### WHAT THIS TASK INVOLVES:
Where does the word "House" occur in the entries below? Copy every line that has it.

=-=-=-=-=

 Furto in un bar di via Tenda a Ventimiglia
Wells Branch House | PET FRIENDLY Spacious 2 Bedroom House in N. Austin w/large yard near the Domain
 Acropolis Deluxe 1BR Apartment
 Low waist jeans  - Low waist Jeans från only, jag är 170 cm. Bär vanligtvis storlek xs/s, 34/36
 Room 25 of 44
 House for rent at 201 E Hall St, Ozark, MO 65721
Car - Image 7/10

=-=-=-=-=

### EXPECTED ANSWER:
Wells Branch House | PET FRIENDLY Spacious 2 Bedroom House in N. Austin w/large yard near the Domain
 House for rent at 201 E Hall St, Ozark, MO 65721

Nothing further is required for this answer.